Après vous, j'ai reçu longuement
la visite de Guy Harpigny [théologien, auteur d'une thèse sur L.M.], que je n'avais
jamais vu. Moubarac et lui, me dit-il, ont achevé les tome IV et V des Opera minora
(...).
Lettre du 1er septembre 1987
Merci de votre excellente lettre.
Elle m'apporte de vos nouvelles (thèse, nomination au Puy) : où est Paris X? Quand
soutiendrez-vous? Je serai volontiers à votre jury. Je reçois régulièrement vos
bulletins, toujours intéressants. Bravo pour vos découvertes à Bruxelles. Je
connaissais l'existence du texte de L.M. sur Ibn Torjomân et je l'ai signalé dans mon
livre (p.20), mais je ne l'ai jamais lu. Vous serait-il possible de me le communiquer?

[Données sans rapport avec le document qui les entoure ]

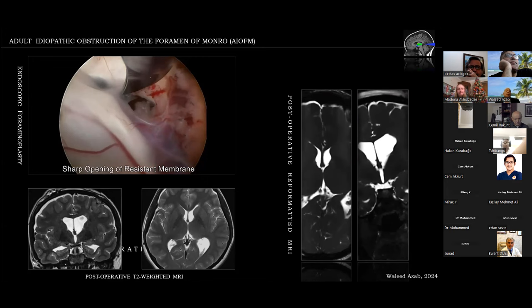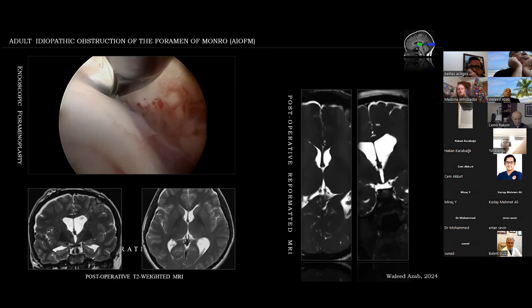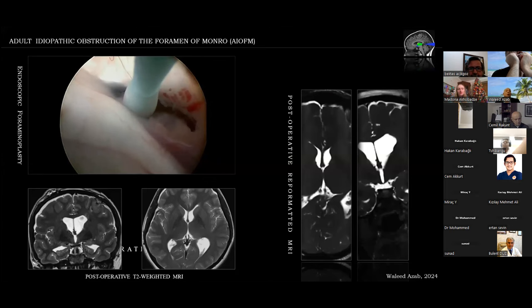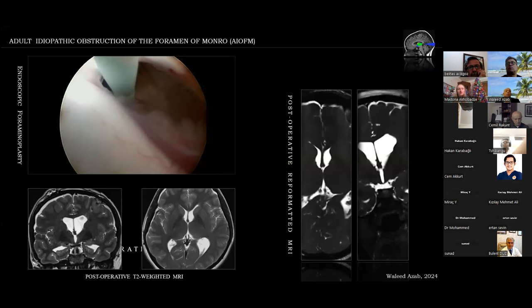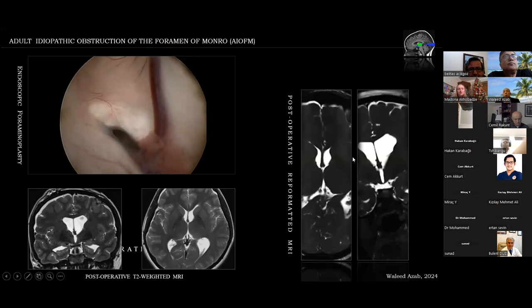Sharp opening of parts of the membrane was performed, and then a final enlargement with the Fogarty balloon catheter again to complete the foramenoplasty.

Jacques Keryell pourrait-il me faire envoyer, par son éditeur, son "Hospitalité
sacrée"? (...).
Êtes-vous bien sûr que la shahâda
soit inscrite sur la porte gauche (en bois sculpté) de la cathédrale du Puy? Je croyais
qu'on lisait mâ shâ'allâh? Pouvez-vous vérifier? Copier ou photographier
l'inscription? De toute façon, c'est très intéressant et très important.
Lettre du 21 septembre 1987
Merci de votre carte, qui lève
toute incertitude sur la fameuse inscription. On lit bien : al-mulku li-Llâh -
c'est-à-dire "La souveraineté à Dieu".
J'attends donc votre visite à Paris
- en octobre. Dès que vous connaîtrez la date de votre passage, voulez-vous me la
communiquer? J'aimerais bien voir le texte de Massignon sur Ibn Torjomân le
"renégat".
Hier dimanche à 17 h 30, sur
"la Cinq", émission consacrée à l'Iran avec, en conclusion, "Terrorisme
= intégrisme = islâm". On l'aurait deviné. J'avais été pressenti, puis
prudemment écarté. Bien sûr. Ci-joint un beau texte de la République islamique sur
Jésus et sa mère: pour votre Bulletin? Il a paru dans "le Message de l'Islam"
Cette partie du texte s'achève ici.